OnPing Major Systems Graph

2 Lumberjack Application System

The Lumberjack Application System (LAS) is an application manager designed to run on top of a Linux build. It contains drivers for an extensive set of industrial devices including those with manufacturer specific protocols.

OnPing’s systems access these devices directly and send data to and from them easily. LAS is designed to run on very small devices, as small as a Raspberry Pi or ODROID device.

Every running application on the LAS is completely managed. The data it contains is backed up. The network settings it has are remotely configurable. The system makes every effort to minimize the amount of data sent over the wire back to its sources. A Permissions and Identity system are both stored locally and sync’d with cloud devices.

OnPing’s Lumberjack Application System takes security seriously: all data is encrypted and all transmission is client initiated – eliminating the need for static IPs that so often become vectors for attack. Permissions on the network can be revoked remotely.

All this attention to the networking and security settings upfront is essential to the design of everything else in OnPing. The goal is to create a system that handles these issues at the ground level so that everywhere else you can just talk about Lumberjack A talking to Lumberjack B and that is it.

3 Data Management System

The Data Management systems encompass the ways we store historical and configuration data.

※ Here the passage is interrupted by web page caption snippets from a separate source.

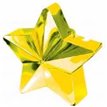 GOLD STAR BALLOON WEIGHT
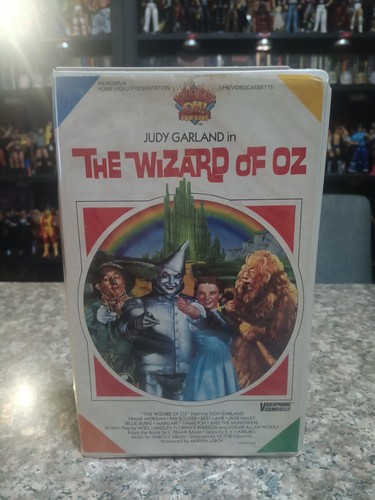 1985 wizard vhs - oz, mgm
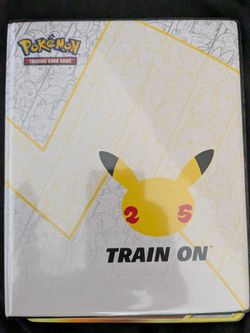 Jumbo Pokemon Binder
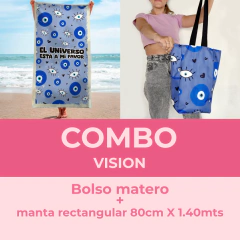 Combo Bolso + Manta Vision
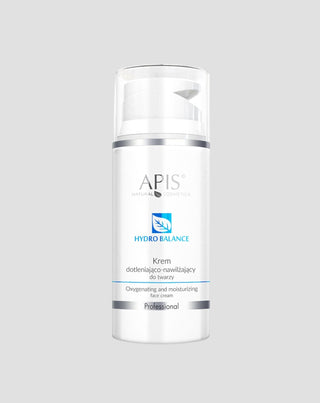 Hydro Balance, Crema oxigenante e hidratante con aloe y ácido hialurónico Apis - 1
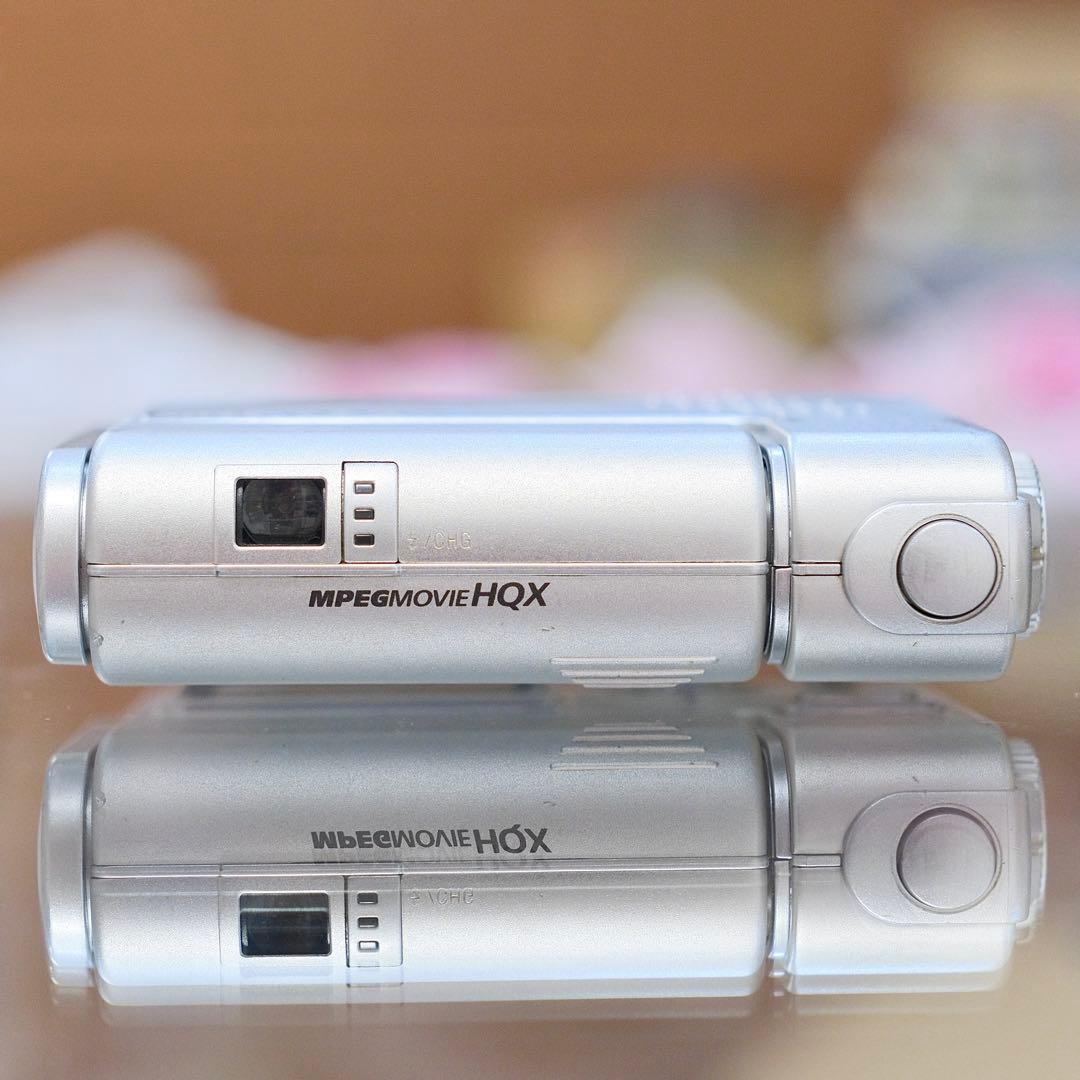 名機動作品 Y2K 平成レトロ SONY Cyber−Shot DSC-F77A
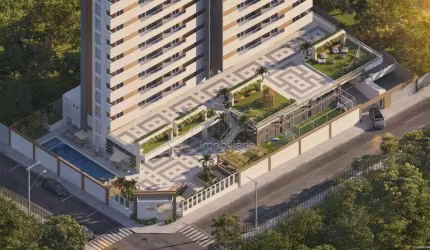 Apartamento com 3 quartos à venda na Rua Doutor José Lourenço, 80, Parquelândia, Fortaleza por R$ 694.500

Data flows from the Lumberjacks to the data management system. The important parts are:

  • RTU Client – Lumberjack application responsible for interacting with various drivers and applications running on the lumberjack.
  • RTU Manager – Server side application responsible for gathering data from lumberjacks and feeding it to cloud applications.
  • TachDB (time series database) Reads data from field devices and stores in a multi-resolution format for quick display.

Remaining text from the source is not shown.